### YOUR ASSIGNMENT
The required answer is each line in the entries below where "Hoodie" occurs.
=== GIVEN ENTRIES ===
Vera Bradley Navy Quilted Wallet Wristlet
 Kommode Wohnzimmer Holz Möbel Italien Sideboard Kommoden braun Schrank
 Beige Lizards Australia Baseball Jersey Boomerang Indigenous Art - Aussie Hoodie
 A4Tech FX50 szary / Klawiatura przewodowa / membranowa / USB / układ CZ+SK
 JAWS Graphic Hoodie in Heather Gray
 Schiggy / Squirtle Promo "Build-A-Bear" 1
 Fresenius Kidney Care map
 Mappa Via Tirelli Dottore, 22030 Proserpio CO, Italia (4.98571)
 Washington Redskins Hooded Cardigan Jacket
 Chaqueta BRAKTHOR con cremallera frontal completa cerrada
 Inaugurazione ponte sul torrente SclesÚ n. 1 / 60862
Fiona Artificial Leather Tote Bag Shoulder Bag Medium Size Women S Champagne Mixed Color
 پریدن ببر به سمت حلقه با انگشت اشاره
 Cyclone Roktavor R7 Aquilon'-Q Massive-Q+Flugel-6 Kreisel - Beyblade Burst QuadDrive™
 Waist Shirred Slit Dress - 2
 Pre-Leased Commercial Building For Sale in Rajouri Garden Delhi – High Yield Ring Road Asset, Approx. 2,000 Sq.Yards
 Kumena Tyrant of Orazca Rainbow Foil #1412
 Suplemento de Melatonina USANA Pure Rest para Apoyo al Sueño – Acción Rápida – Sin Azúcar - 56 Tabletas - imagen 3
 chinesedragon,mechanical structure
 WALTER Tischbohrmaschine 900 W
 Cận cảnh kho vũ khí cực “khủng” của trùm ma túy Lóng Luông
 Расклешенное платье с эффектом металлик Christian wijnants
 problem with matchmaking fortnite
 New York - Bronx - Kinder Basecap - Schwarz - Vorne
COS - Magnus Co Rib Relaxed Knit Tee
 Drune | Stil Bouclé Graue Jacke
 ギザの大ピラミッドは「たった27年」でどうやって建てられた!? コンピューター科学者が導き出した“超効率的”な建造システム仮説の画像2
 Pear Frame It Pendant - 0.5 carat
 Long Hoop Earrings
===
### WORKED SOLUTION
 Beige Lizards Australia Baseball Jersey Boomerang Indigenous Art - Aussie Hoodie
 JAWS Graphic Hoodie in Heather Gray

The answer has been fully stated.